Eovaldi did not factor into the decision of Tuesday’s contest. Over 5 2/3 innings of one-run ball in which he allowed three hits, the only damage against him was Langeliers first homer in the second. He fell just short of his third consecutive quality start. Eovaldi became the fourth pitcher in franchise history to log 18 2/3 or more innings with 19 or more strikeouts while allowing three or fewer earned runs over his first three starts of a season. The last to do it was Yu Darvish in 2014 when he logged 22 innings while striking out 23 and allowing two earned runs.

Eovaldi fanned eight batters for the second consecutive start, striking out eight-plus in back-to-back outings for the second time in his career. He generated 21 swings-and-misses Tuesday, the third-most in a single game in his career; this, coming on the heels of a career-high 23-whiff outing on April 3 against the Tampa Bay Rays.
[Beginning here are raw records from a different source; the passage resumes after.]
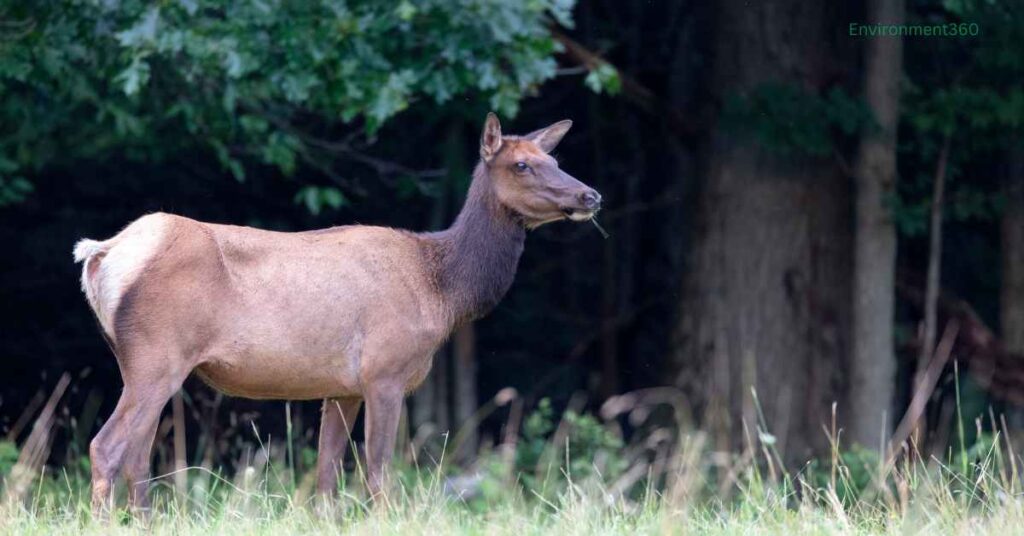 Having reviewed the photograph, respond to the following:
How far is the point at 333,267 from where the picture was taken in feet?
→ 24.2

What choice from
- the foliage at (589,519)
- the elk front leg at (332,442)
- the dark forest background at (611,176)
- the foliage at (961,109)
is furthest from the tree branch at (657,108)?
the foliage at (589,519)

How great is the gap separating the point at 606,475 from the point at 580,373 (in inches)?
211

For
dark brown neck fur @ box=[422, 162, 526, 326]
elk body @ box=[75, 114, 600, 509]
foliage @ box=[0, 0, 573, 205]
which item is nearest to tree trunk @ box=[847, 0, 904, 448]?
foliage @ box=[0, 0, 573, 205]

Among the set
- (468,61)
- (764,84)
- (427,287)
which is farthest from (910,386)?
(427,287)

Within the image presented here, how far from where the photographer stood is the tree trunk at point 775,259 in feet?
40.1

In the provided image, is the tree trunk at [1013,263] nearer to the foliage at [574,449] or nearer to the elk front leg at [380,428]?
the foliage at [574,449]

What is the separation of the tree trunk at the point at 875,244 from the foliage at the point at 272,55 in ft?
9.22

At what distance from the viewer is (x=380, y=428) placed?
7.27 m

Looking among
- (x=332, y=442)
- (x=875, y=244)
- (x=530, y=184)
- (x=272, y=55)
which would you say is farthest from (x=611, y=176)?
(x=332, y=442)

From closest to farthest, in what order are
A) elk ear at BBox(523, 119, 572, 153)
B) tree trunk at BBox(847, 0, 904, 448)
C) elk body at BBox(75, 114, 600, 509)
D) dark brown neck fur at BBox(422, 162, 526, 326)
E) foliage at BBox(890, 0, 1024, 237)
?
elk body at BBox(75, 114, 600, 509) < dark brown neck fur at BBox(422, 162, 526, 326) < elk ear at BBox(523, 119, 572, 153) < foliage at BBox(890, 0, 1024, 237) < tree trunk at BBox(847, 0, 904, 448)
Leclerc was handed the loss, bringing his record to 0–1 with an ERA of 14.40. 

Wood’s Early Exit

Athletics starter Alex Wood avoided the loss in his third start of the season. He exited after the fourth inning with the Athletics trailing, 2–1. His line was 4 IP, 5 H, 2 R-ER, 3 BB, 2 K, 1 HR, 67 pitches/41 strikes. Wood allowed the solo home run to Heim in the second inning, the first long ball he has permitted in 2024. He left the game due to a calf cramp. Michael Kelly got the win after pitching a scoreless sixth inning. He is now 1–0 on the season with an ERA of 3.86. Mason Miller earned his first save of the season after tossing a perfect ninth.

Postgame Comments

An understandably dumbfounded Bochy held court in the interview room after the game. He discussed the night Langeliers had. “He singlehandedly beat us,” Bochy said of Langeliers. “I mean, three home runs, there’s no getting around that. He took advantage of some mistakes, and we couldn’t tack on a little bit more to maybe get it out of reach. Pitching, Nate (Eovaldi), what a job he did. Another terrific job to hold them there. … But we just ran into a guy that had a huge night.”
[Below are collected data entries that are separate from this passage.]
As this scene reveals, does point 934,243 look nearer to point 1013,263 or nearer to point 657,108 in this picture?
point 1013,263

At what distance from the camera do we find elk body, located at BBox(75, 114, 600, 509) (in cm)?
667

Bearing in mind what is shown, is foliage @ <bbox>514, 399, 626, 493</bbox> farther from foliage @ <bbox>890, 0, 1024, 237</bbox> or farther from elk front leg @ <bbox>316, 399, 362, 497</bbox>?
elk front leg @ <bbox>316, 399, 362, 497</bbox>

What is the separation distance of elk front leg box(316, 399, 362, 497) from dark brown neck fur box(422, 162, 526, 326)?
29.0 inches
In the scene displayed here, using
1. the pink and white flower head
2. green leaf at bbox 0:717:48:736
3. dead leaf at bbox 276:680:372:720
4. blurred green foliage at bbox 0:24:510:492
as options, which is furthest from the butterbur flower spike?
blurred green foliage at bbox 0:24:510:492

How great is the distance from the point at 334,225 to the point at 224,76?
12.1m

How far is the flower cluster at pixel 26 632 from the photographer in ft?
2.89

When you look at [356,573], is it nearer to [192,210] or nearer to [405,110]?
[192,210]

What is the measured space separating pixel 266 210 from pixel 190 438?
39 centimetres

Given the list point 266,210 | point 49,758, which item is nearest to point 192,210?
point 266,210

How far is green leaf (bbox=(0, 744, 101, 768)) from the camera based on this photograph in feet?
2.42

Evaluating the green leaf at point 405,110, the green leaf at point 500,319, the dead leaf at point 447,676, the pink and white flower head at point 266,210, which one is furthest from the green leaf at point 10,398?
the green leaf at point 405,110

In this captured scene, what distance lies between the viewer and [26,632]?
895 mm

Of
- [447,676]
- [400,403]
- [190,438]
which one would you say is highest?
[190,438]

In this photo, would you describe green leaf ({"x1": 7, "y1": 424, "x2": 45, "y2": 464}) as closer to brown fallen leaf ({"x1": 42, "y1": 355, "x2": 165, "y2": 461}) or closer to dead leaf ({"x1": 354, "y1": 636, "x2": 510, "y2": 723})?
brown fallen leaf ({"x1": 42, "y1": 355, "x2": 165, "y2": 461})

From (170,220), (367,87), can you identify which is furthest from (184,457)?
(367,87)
Moments later, Eovaldi echoed Bochy’s sentiments on Langeliers. “He went out there and he did his job,” Eovaldi said. “He had the big hits and everything. … For him as a hitter, he’s aggressive on that first pitch inside. I think it came down to the way we attacked. He swung aggressively at the first curveball that I threw. I wanted to make sure that I buried the splitter, but I didn’t. I hung it, and he hit it out.”